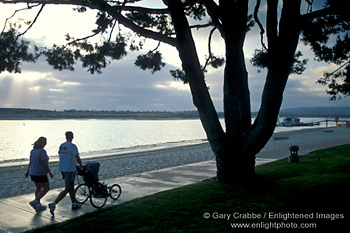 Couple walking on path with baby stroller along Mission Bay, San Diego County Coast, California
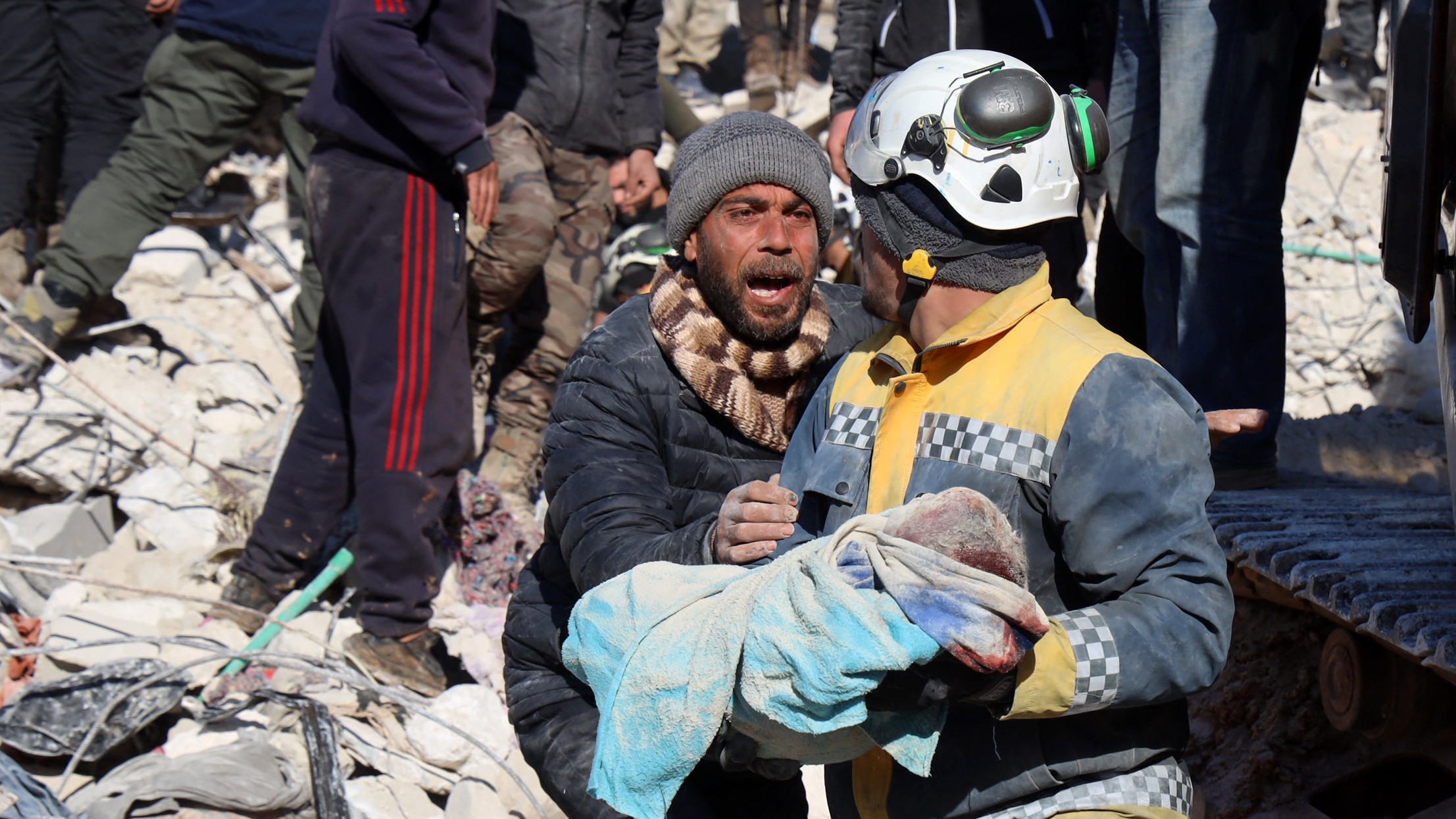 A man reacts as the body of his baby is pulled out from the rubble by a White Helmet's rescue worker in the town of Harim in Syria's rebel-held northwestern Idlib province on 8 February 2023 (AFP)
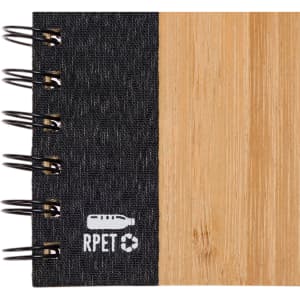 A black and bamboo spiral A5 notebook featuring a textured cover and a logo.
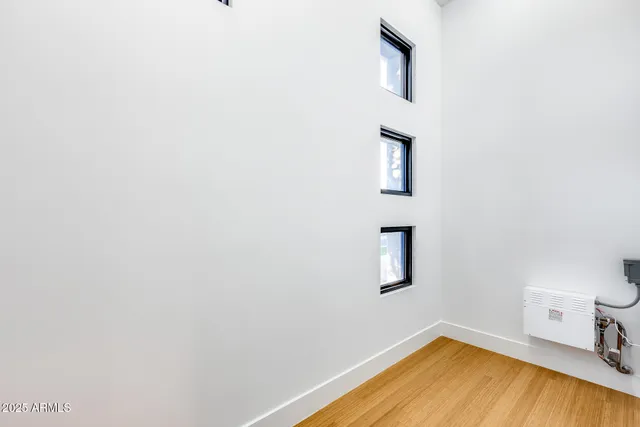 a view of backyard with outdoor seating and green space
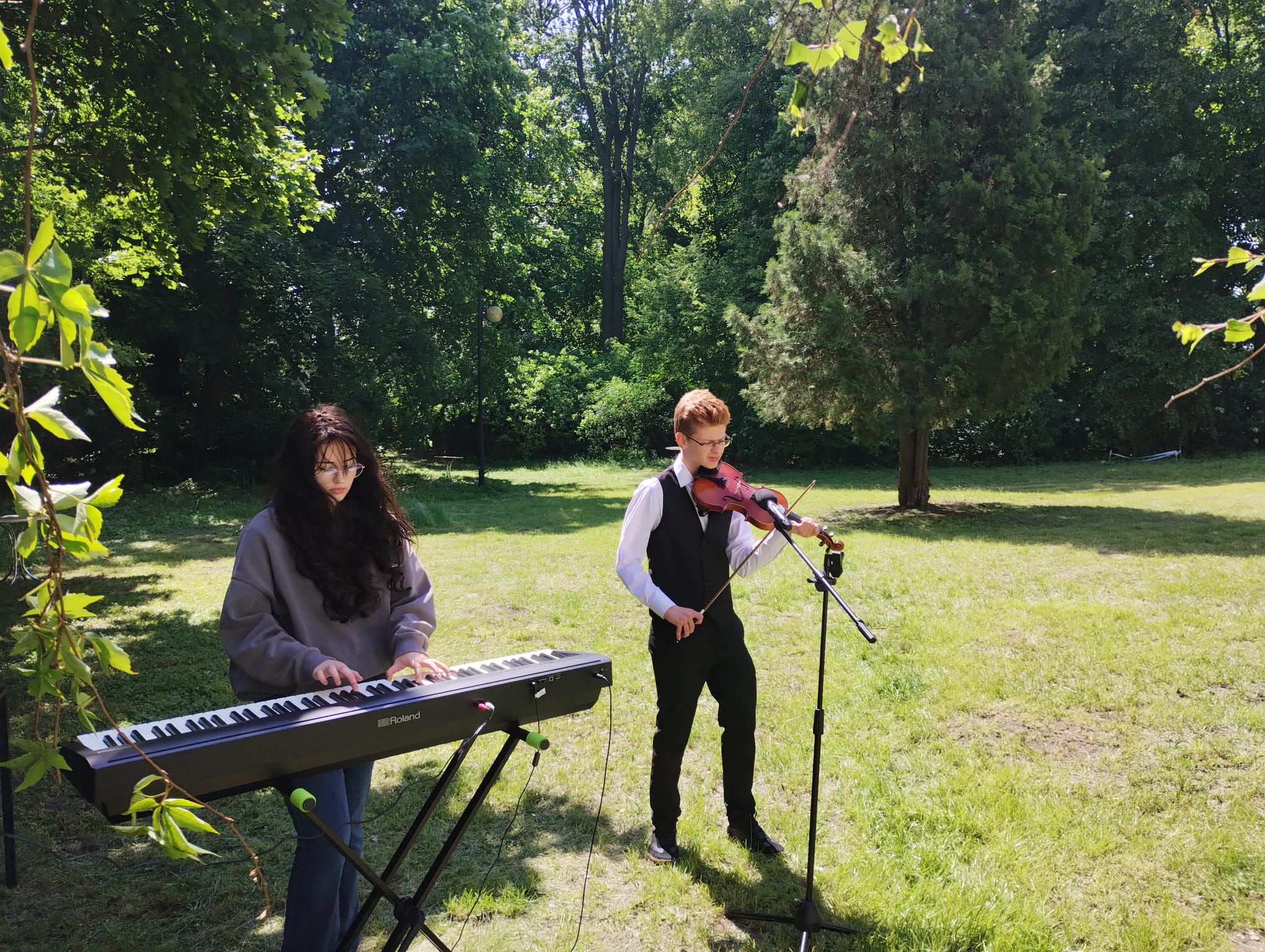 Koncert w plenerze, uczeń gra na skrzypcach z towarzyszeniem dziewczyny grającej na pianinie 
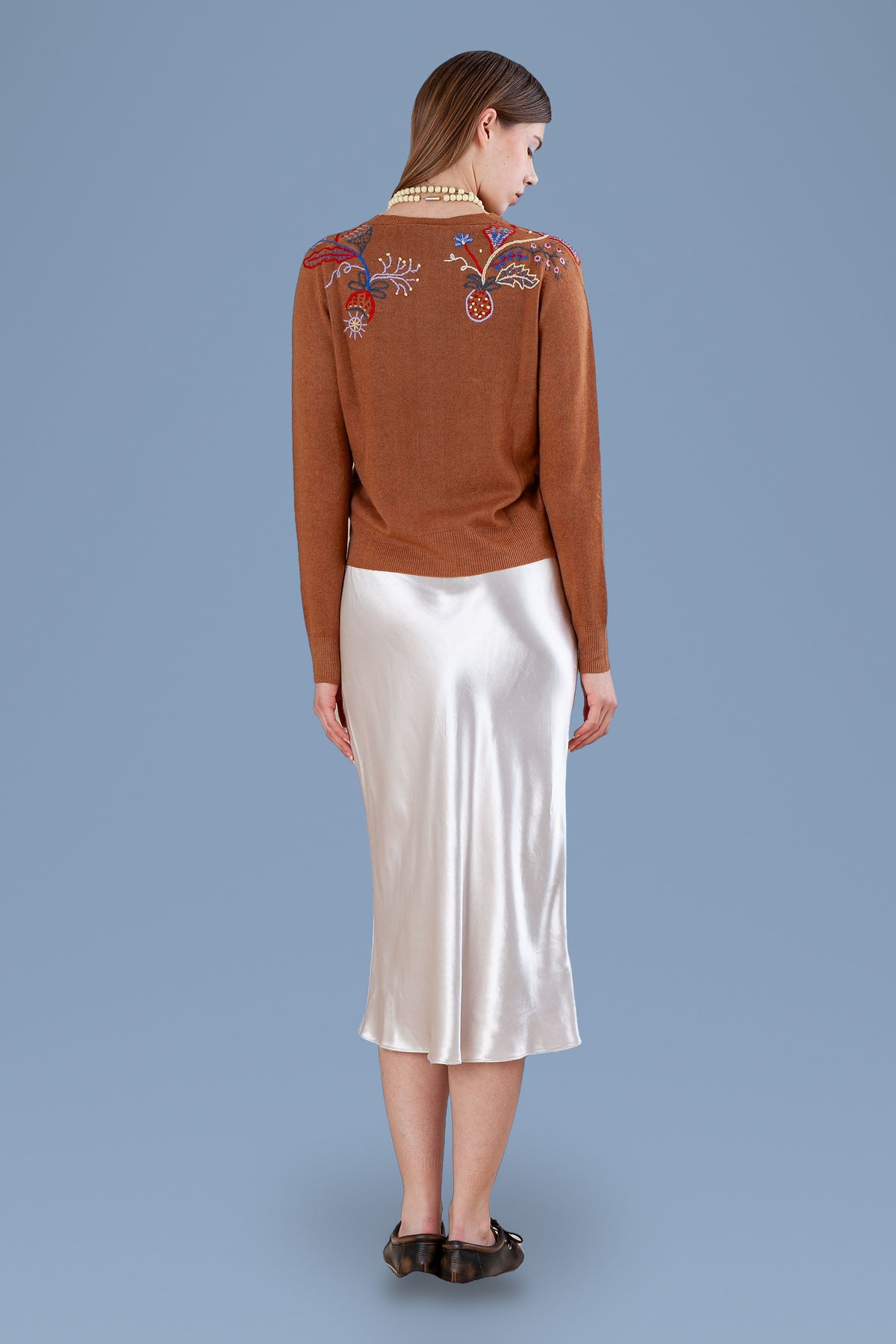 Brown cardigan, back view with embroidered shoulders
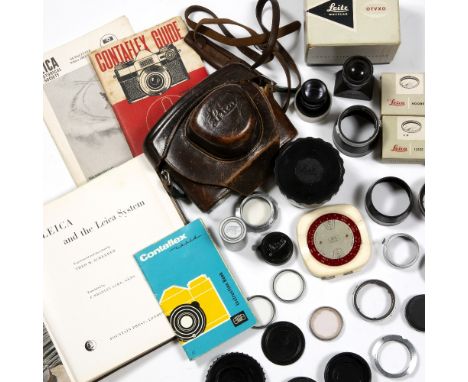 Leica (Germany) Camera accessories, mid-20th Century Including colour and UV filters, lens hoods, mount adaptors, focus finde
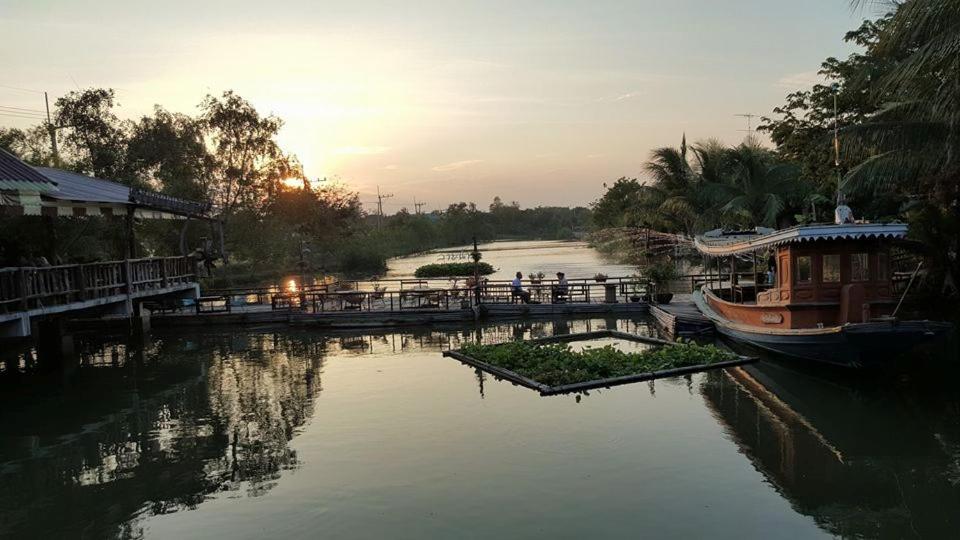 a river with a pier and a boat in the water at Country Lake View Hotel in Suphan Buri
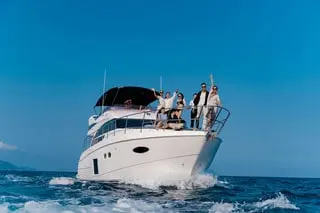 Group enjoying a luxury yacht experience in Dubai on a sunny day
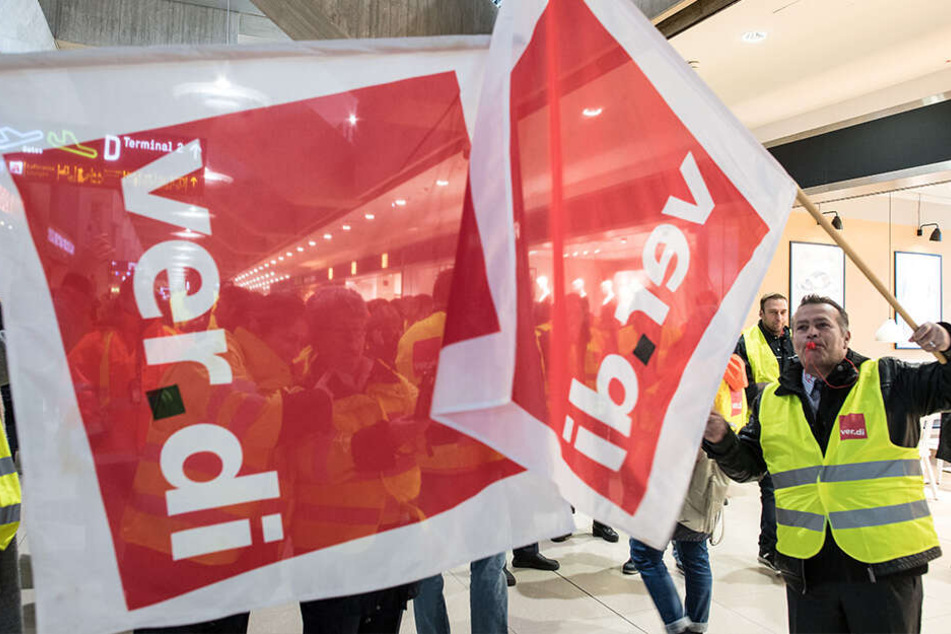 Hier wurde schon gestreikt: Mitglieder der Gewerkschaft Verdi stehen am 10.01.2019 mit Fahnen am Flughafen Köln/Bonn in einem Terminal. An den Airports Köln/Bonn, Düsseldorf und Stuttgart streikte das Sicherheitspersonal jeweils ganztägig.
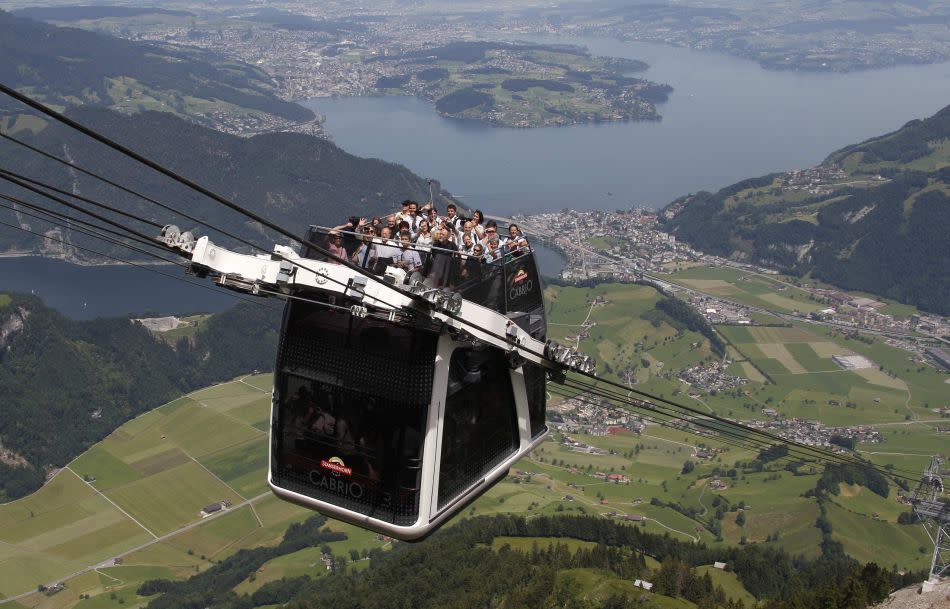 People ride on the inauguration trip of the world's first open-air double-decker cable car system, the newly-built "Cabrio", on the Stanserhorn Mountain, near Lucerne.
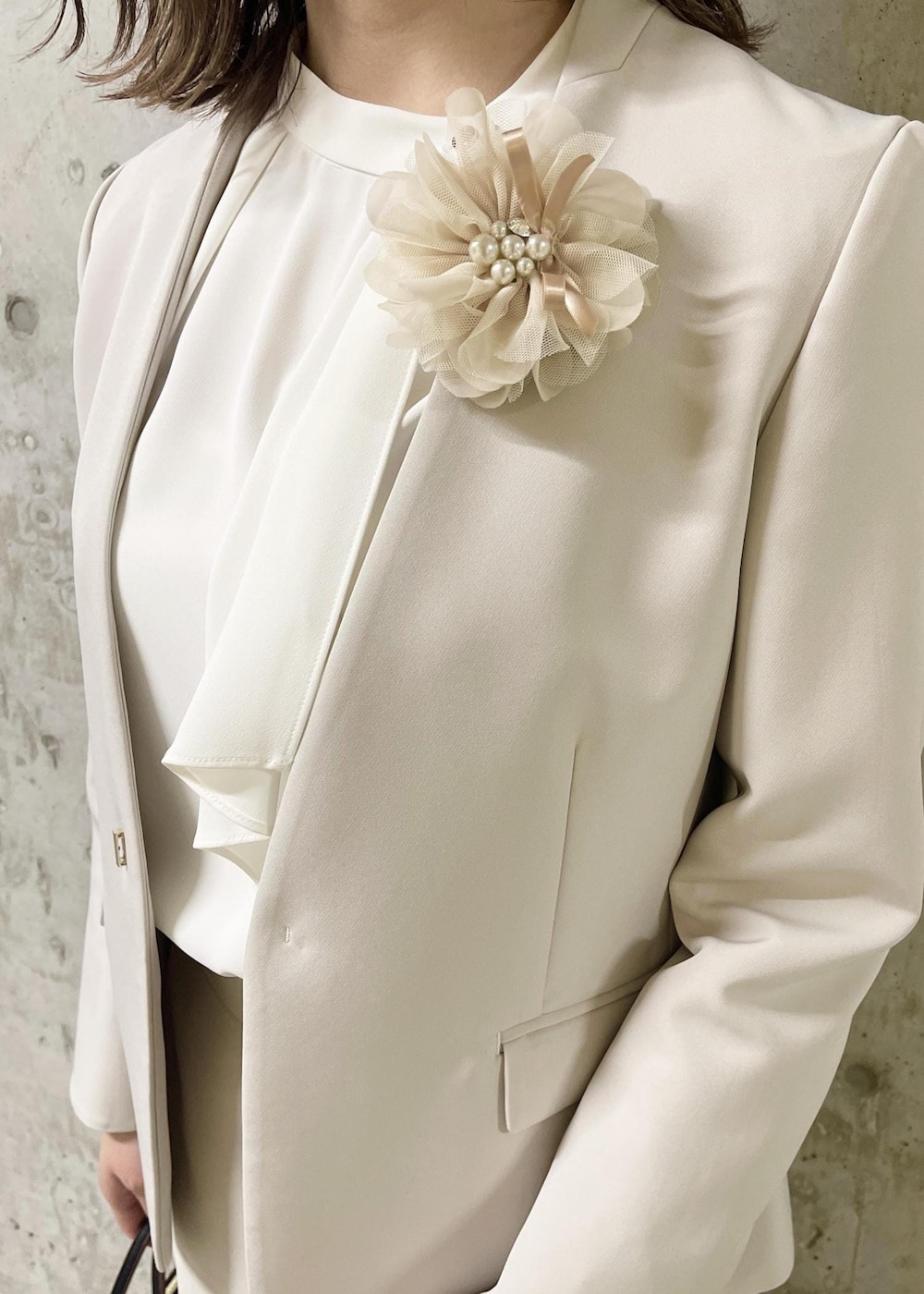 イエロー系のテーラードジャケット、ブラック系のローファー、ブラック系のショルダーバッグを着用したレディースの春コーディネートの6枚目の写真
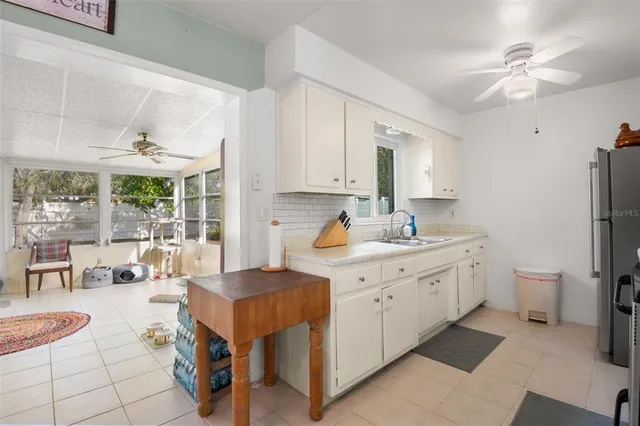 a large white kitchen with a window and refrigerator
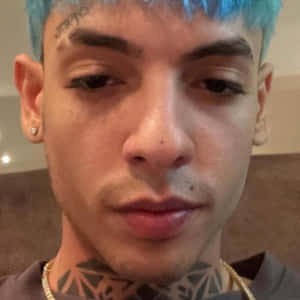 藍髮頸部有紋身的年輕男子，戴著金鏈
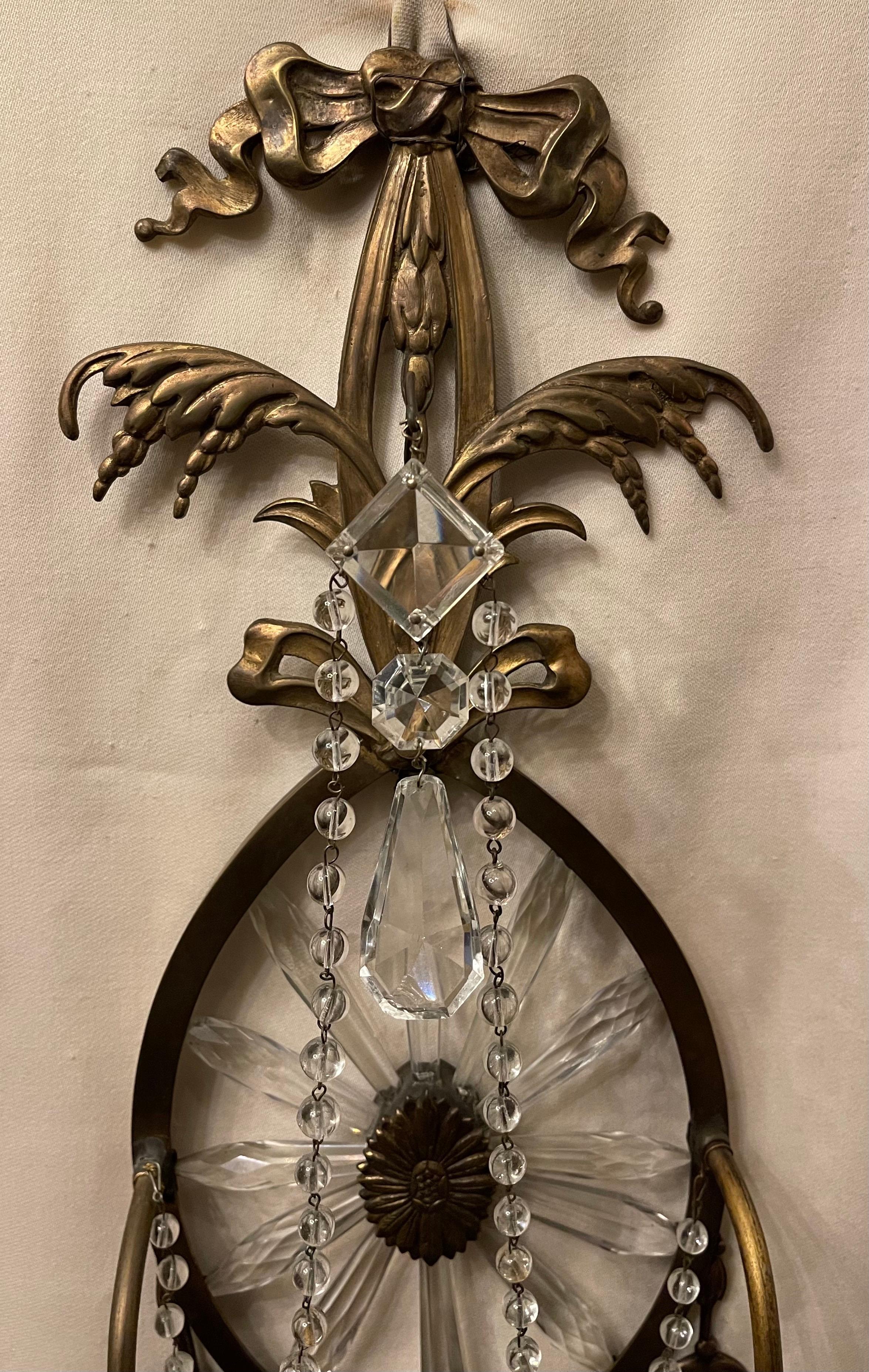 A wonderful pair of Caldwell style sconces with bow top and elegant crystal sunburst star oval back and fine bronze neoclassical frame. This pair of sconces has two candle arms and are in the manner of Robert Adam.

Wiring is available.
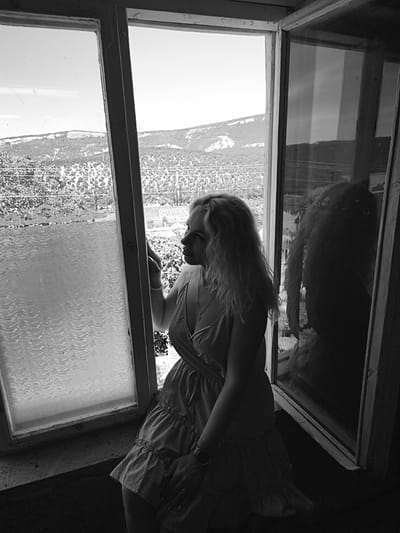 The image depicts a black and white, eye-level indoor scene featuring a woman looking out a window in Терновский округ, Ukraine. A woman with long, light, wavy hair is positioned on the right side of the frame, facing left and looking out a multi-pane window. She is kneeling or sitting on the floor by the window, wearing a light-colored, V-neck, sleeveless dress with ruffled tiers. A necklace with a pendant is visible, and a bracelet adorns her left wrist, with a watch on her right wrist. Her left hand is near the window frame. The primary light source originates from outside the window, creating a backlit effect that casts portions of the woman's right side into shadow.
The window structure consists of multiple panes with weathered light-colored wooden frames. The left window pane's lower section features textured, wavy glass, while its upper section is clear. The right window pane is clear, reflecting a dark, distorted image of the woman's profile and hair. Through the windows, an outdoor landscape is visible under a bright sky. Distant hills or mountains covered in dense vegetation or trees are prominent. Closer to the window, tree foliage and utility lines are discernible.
======
About this exercise.
Once the pictures are set aside, output the whole listing exactly.

Result of this task.
 Couple walking on path with baby stroller along Mission Bay, San Diego County Coast, California
 A man reacts as the body of his baby is pulled out from the rubble by a White Helmet's rescue worker in the town of Harim in Syria's rebel-held northwestern Idlib province on 8 February 2023 (AFP)
 A black and bamboo spiral A5 notebook featuring a textured cover and a logo.
 a view of backyard with outdoor seating and green space
 Koncert w plenerze, uczeń gra na skrzypcach z towarzyszeniem dziewczyny grającej na pianinie 
 Brown cardigan, back view with embroidered shoulders
 Leica (Germany) Camera accessories, mid-20th Century Including colour and UV filters, lens hoods, mount adaptors, focus finde
 a river with a pier and a boat in the water at Country Lake View Hotel in Suphan Buri
 Group enjoying a luxury yacht experience in Dubai on a sunny day
 Hier wurde schon gestreikt: Mitglieder der Gewerkschaft Verdi stehen am 10.01.2019 mit Fahnen am Flughafen Köln/Bonn in einem Terminal. An den Airports Köln/Bonn, Düsseldorf und Stuttgart streikte das Sicherheitspersonal jeweils ganztägig.
 People ride on the inauguration trip of the world's first open-air double-decker cable car system, the newly-built "Cabrio", on the Stanserhorn Mountain, near Lucerne.
 イエロー系のテーラードジャケット、ブラック系のローファー、ブラック系のショルダーバッグを着用したレディースの春コーディネートの6枚目の写真
 a large white kitchen with a window and refrigerator
 藍髮頸部有紋身的年輕男子，戴著金鏈
 A wonderful pair of Caldwell style sconces with bow top and elegant crystal sunburst star oval back and fine bronze neoclassical frame. This pair of sconces has two candle arms and are in the manner of Robert Adam.

Wiring is available.
 The image depicts a black and white, eye-level indoor scene featuring a woman looking out a window in Терновский округ, Ukraine. A woman with long, light, wavy hair is positioned on the right side of the frame, facing left and looking out a multi-pane window. She is kneeling or sitting on the floor by the window, wearing a light-colored, V-neck, sleeveless dress with ruffled tiers. A necklace with a pendant is visible, and a bracelet adorns her left wrist, with a watch on her right wrist. Her left hand is near the window frame. The primary light source originates from outside the window, creating a backlit effect that casts portions of the woman's right side into shadow.
The window structure consists of multiple panes with weathered light-colored wooden frames. The left window pane's lower section features textured, wavy glass, while its upper section is clear. The right window pane is clear, reflecting a dark, distorted image of the woman's profile and hair. Through the windows, an outdoor landscape is visible under a bright sky. Distant hills or mountains covered in dense vegetation or trees are prominent. Closer to the window, tree foliage and utility lines are discernible.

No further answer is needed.